Une mère réclame un meilleur accès à la psychothérapie

Elisa Cloutier | Agence QMI

Persuadée que son fils s’est enlevé la vie en raison d’une dépression non traitée, une mère réclame un meilleur accès à la psychothérapie pour les jeunes.

Il y a six mois, un peu avant 6 h du matin, le fils de Martine Brault a heurté de plein fouet le viaduc surplombant l’autoroute Duplessis, à la hauteur de l’autoroute Charest. L’auto a immédiatement pris feu. Aucune trace de freinage n’a été détectée sur les lieux de l’accident. Patrick Chouinard, âgé de 20 ans, est mort sur le coup, a confirmé le coroner à la mère, qui se console en se disant que son fils aîné n’a pas souffert.

Sans le moindre indice sur l’état de santé mentale de son fils, Mme Brault a questionné ses amis. Ces derniers lui ont fait part de quelques «signaux d’alarme». «J’ai appris que ça lui arrivait de rouler toute la nuit, qu’il allait voir un de ses amis lorsqu’il avait un down et qu’ils pouvaient rouler ensemble pendant des heures le temps que ça passe. Ce même ami m’a raconté que 48 heures avant qu’il se tue, mon fils lui a dit qu’il avait passé la nuit sur le tracel de Cap-Rouge [un viaduc ferroviaire]», relate la mère en entrevue au «Journal de Québec».
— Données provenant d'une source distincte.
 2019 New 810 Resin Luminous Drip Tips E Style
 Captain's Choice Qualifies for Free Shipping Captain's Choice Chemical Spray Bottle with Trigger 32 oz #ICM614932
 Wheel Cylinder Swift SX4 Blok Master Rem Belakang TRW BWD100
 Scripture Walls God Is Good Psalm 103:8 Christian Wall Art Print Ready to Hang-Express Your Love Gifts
Malgré ces « indices », estime la mère, Patrick Chouinard n’a jamais consulté de psychologue. Aujourd’hui, Mme Brault est déterminée à convaincre le gouvernement de donner plus «d’outils» aux personnes souffrant de dépression.

Le ministère de la santé interpellé

Dans une pétition déposée le 28 février dernier sur le site de l’Assemblée nationale, Martine Brault interpelle le ministère de la Santé en demandant notamment un accès plus rapide aux psychologues, sans devoir passer par un médecin de famille. «Dès qu’une personne commence à se sentir moins bien, elle doit appeler son médecin, qui le réfère ensuite à un psychologue du CLSC. Ce processus représente des délais de plusieurs mois, qui ne font qu’aggraver la maladie», déplore la mère endeuillée. Sa pétition a recueilli jusqu’à maintenant quelque 620 signatures.

Selon elle, les services de psychothérapie devraient également être remboursés par la Régie de l’assurance maladie du Québec (RAMQ). «Ce n’est pas tout le monde qui peut se permettre de consulter à 130 $ l’heure. Et, ça ne coûterait pas si cher au système de santé [d’ajouter des psychologues à la RAMQ], puisqu’un psychologue n’a pas besoin d’appareils coûteux, c’est deux chaises», mentionne-t-elle.

Mme Brault souhaite également que chaque enfant, du primaire au secondaire, soit rencontré une fois par année par le psychologue de son école.

«La santé mentale devrait être traitée comme la santé physique»

«Le Journal de Québec» s’est entretenu avec Lynda Poirier, directrice générale du Centre de prévention du suicide de Québec, au sujet de la détresse des hommes et de l’accès aux services psychologiques.

Croyez-vous que l’on devrait faciliter l’accès aux psychologues au Québec ?

«Tout à fait. Il ne devrait pas y avoir de délais pour voir un psychologue. C’est un dossier qui est porté aussi par le juge Michael Sheehan, qui fait un excellent travail de prévention du suicide. C’est un ambassadeur depuis le décès de son fils. Il considère que les soins en santé mentale devraient être aussi accessibles que ceux en santé physique.»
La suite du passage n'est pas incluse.